# REQUIRED ACTION:
Please transcribe exactly the line that holds "Keishichou Tokuhanka 007" and all lines that follow it to the end of the records below, omitting any pictures.

(Web page caption snippets)
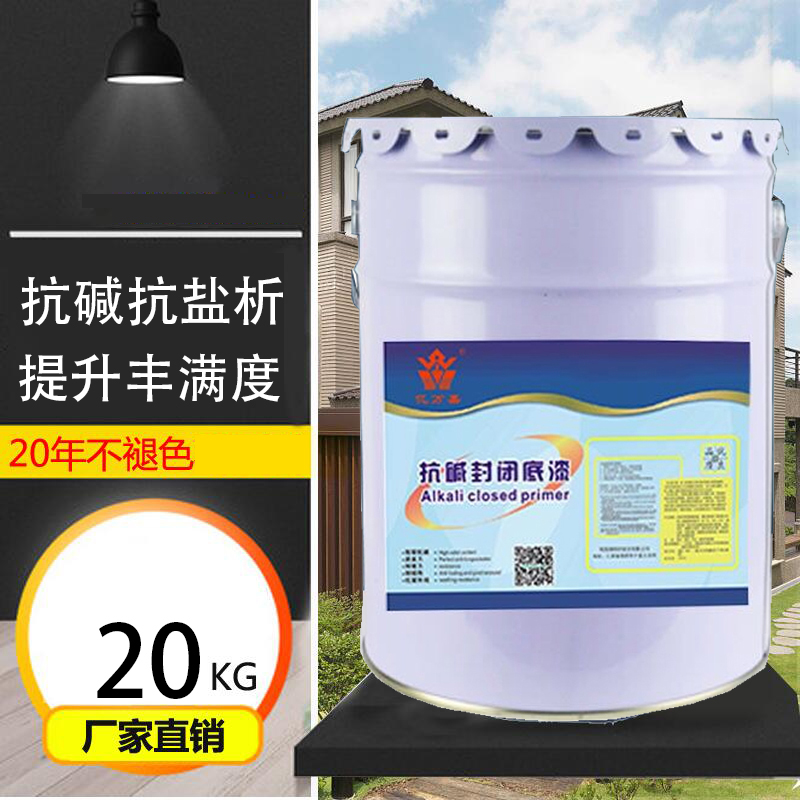 Exterior Wall Special Real Stone Paint Closed Anti-Base Primer Transparent White Homochromatic Environmental Protection Interior Wall Paint Water-based Paint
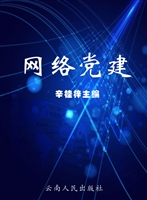 网络党建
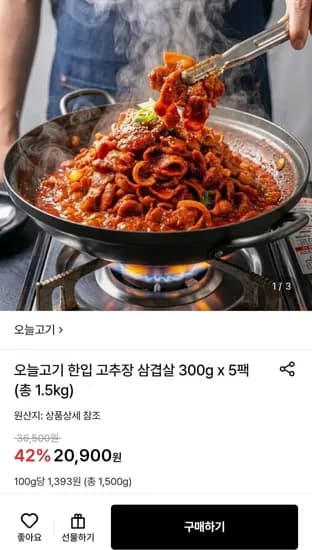 한입 고추장 삼겹살 300g 5팩 (20,900원/무료)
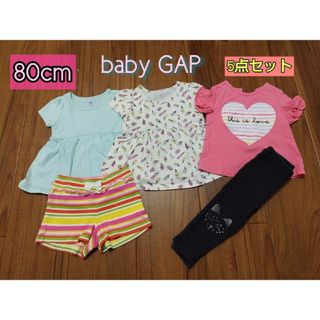 babyGAP - 80cm　Tシャツ　トップス　半袖　レギンス　パンツ　ショートパンツ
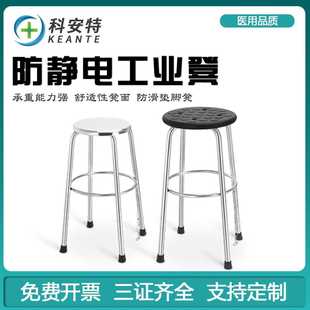 不锈钢PU圆凳流水线车间用防静电凳子无尘实验室专用凳工作凳子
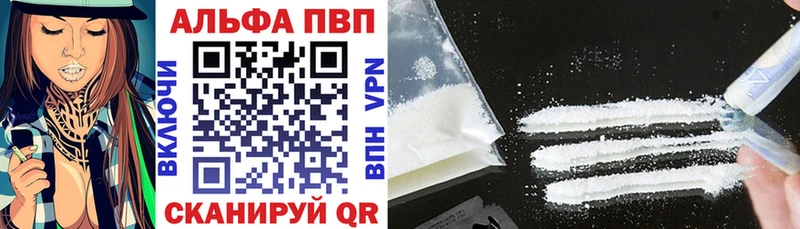 A-PVP СК  Кушва 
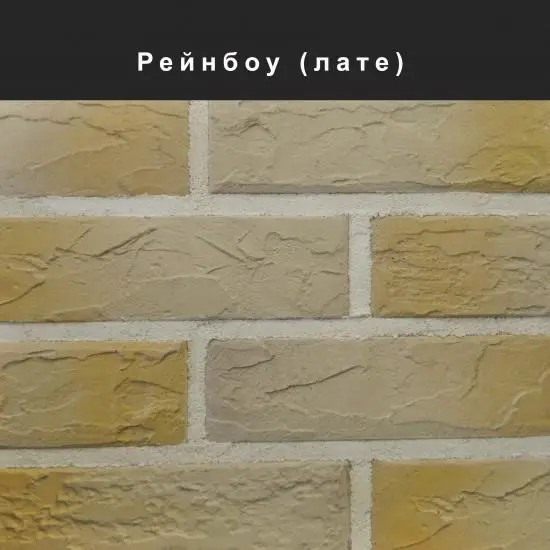Рейнбоу облицовочный камень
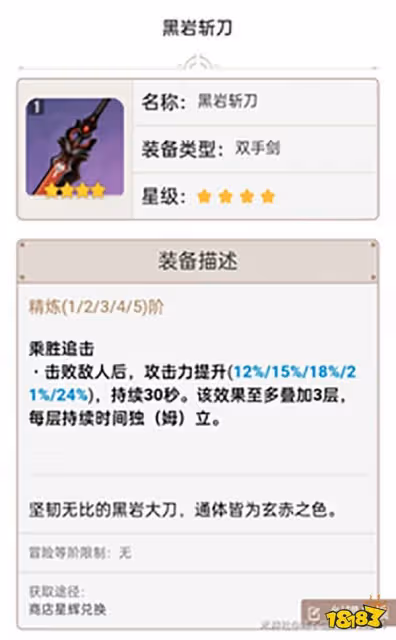 原神雙手劍排行榜 雙手劍推薦新手向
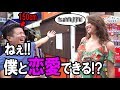 外国人に超低身長の僕と付き合えるか聞いてみたところ...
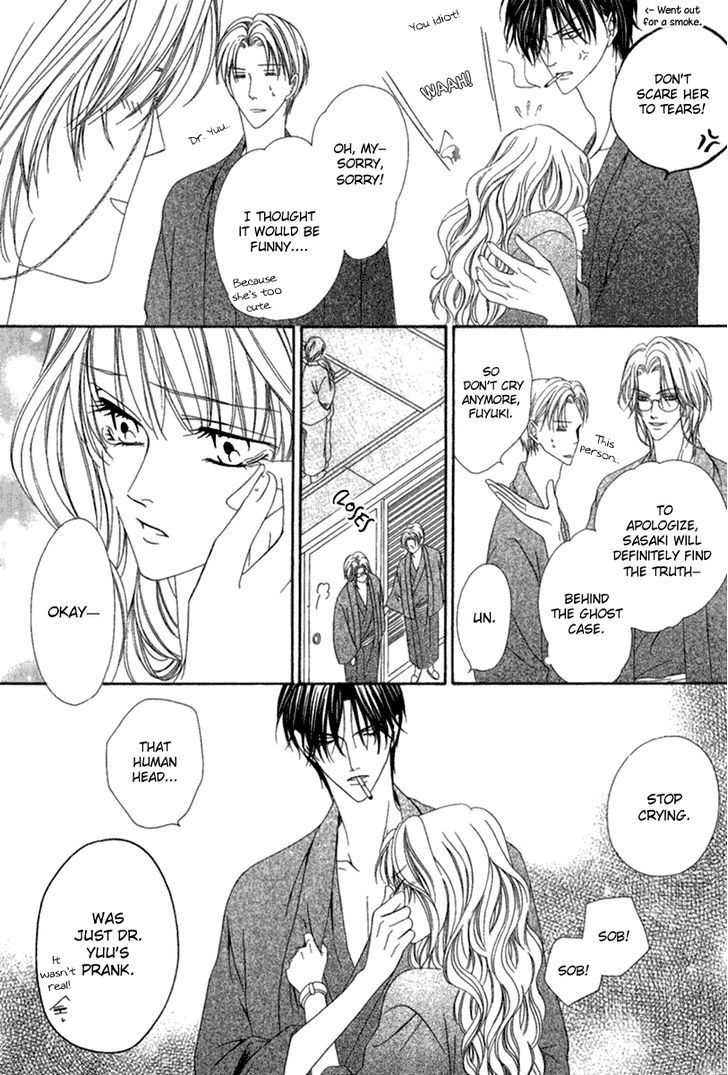Keishichou Tokuhanka 007 Chapter 14.2 page 23 - Chapter 14.2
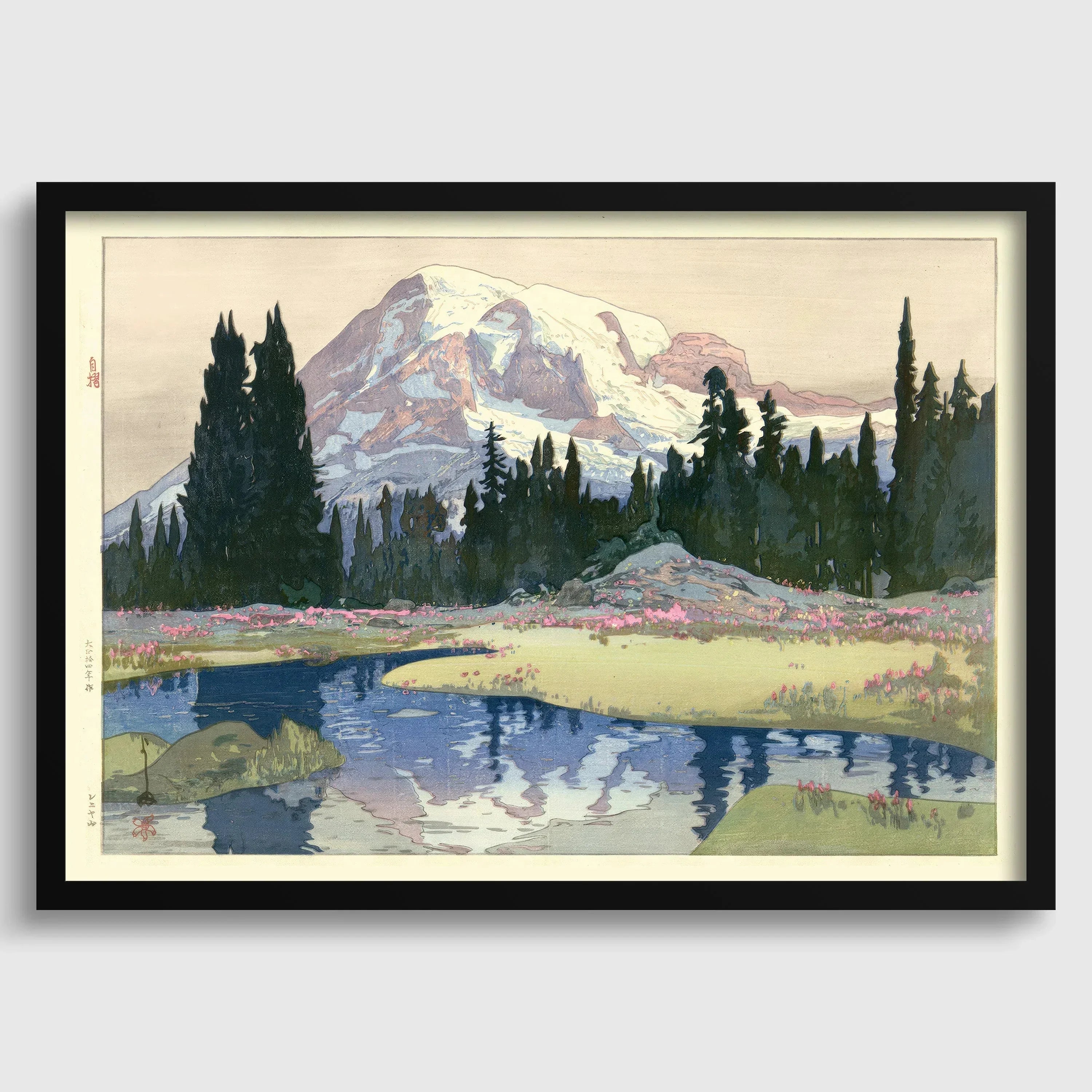Vintage Japanese woodblock print of Mount Rainier, pine trees, wildflowers, and a pond.
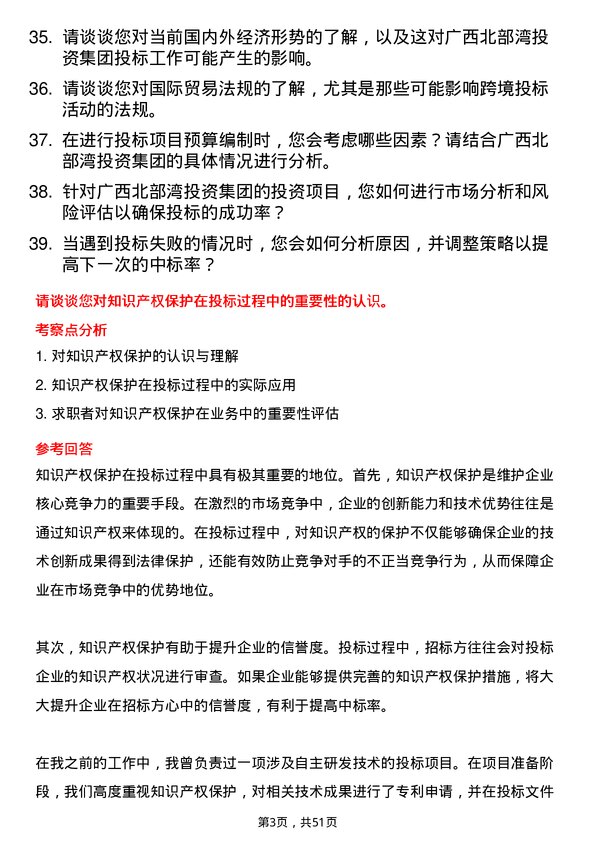 39道广西北部湾投资集团投标专员岗位面试题库及参考回答含考察点分析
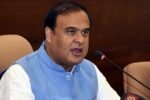 CM Himanta Biswa Sarma reviews preparations for PM’s visit to Numaligarh WhatsApp Image 2025-09-11 at 12.31.13 AM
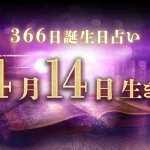 4月14日生まれの性格｜男女別の特徴や運勢、有名人【誕生日占い】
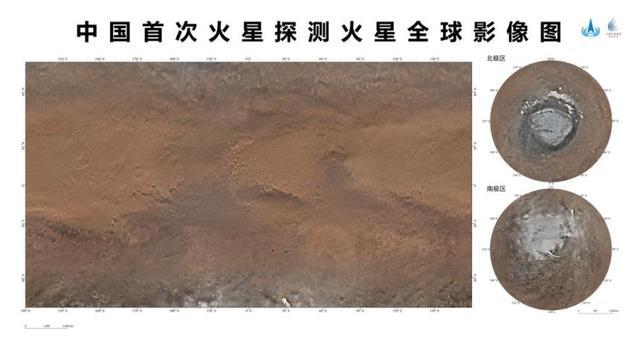 天问三号将带回火星快递 揭秘火星奥秘提速之旅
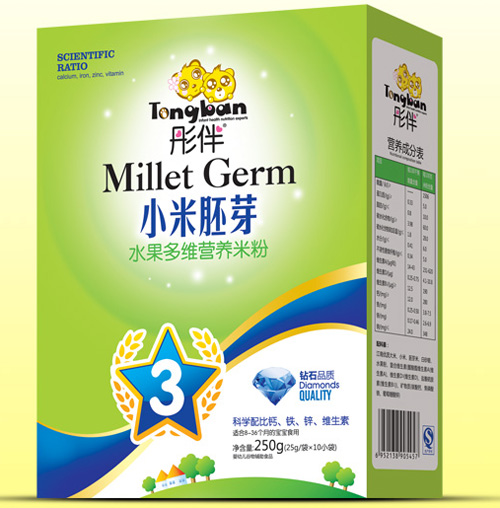 ͮ��ˮ����SС����ѿ�׷ۺ��b3��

# RESULT FOR THIS EXERCISE:
Keishichou Tokuhanka 007 Chapter 14.2 page 23 - Chapter 14.2
Vintage Japanese woodblock print of Mount Rainier, pine trees, wildflowers, and a pond.
 39道广西北部湾投资集团投标专员岗位面试题库及参考回答含考察点分析
 CM Himanta Biswa Sarma reviews preparations for PM’s visit to Numaligarh WhatsApp Image 2025-09-11 at 12.31.13 AM
 4月14日生まれの性格｜男女別の特徴や運勢、有名人【誕生日占い】
 天问三号将带回火星快递 揭秘火星奥秘提速之旅
 ͮ��ˮ����SС����ѿ�׷ۺ��b3��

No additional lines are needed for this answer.